Ne connaissant rien à l’horlogerie à la base, Francesco Garufo se dit très honoré de recevoir le Prix Gaïa qui représente une belle reconnaissance pour tous ses travaux accomplis.

Esprit d’entreprise
Une distinction de plus pour Franco Cologni qui, début septembre, a déjà reçu celle de Commandeur de l’Ordre des Arts et des Lettres par Frédérique Mitterand. Si l’on sait que Franco Cologni est l’un des artisans du Salon international de la haute horlogerie (SIHH), qu’il a créé la Fondation de la haute horlogerie (FHH), qu’il a œuvré à la mise en place du pôle horloger du groupe Richemont lors de l’acquisition de Jaeger-LeCoultre, d’IWC de A. Lange & Söhne, qu’il a fait renaître la marque Panerai tombée dans l’oubli, on ne sait peut-être pas que, avant de se consacrer à l’horlogerie, il a été professeur d’histoire, de théâtre et du spectacle à l’Université de Cattolica (Milan), tout en menant de front une carrière de journaliste. En 1969, il a fondé la Tobako International, entreprise spécialisée dans la fabrication et la distribution d’objets de haut de gamme, parmi lesquels le briquet de Cartier. Quatre ans plus tard, il crée, pour le compte de la marque parisienne, la première filiale italienne. Son ascension au sein de Cartier ne cessera: en 1973, il accèdera au Comité de direction, sept ans plus tard, il sera nommé directeur général de Cartier International, en 1986 vice-président et en 2000, président. La même année, il sera également nommé président de Vacheron Constantin, poste qu’il occupera durant cinq ans. Franco Cologni est également l’auteur de nombreuses publications dédiées à l’horlogerie et à l’histoire des marques faisant partie de la FHH.

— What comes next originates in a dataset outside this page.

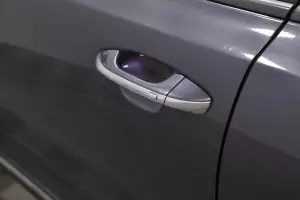 Kia  6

Si l’on devait encore caractériser Franco Cologni, on pourrait dire qu’il est le «Monsieur Fondation» de l’horlogerie. Tout au long de sa vie, il a créé des institutions afin de soutenir et d’encourager de nobles causes comme la Fondazione Cologni dei Mestieri d’Arte, créée en 1995 en faveur des métiers artistiques; la Creative Academy, haute école de design et de management créatif, fondée en 2004; la Fondation de la Haute Horlogerie (FHH), qui a vu le jour en 2005 et qui a pour but de préserver les valeurs patrimoniales de la branche et d’en promouvoir le développement et l’innovation; son rôle de vice-président dans la Fondazione Laureus Sport for Good Italia, œuvre de bienfaisance qui encourage la pratique du sport comme antidote à la marginalisation et à l’exclusion sociale.
Riche personnage à l’accent italien bien marqué, Franco Cologni s’est exprimé: «Je ne suis pas digne de recevoir ce prix. Toutefois, j’en suis digne si je peux le partager avec tous ceux qui ont œuvré avec moi tout au long de mon parcours. Car je suis convaincu que ce n’est pas le capital financier qui fait avancer le monde industriel, mais le capital humain».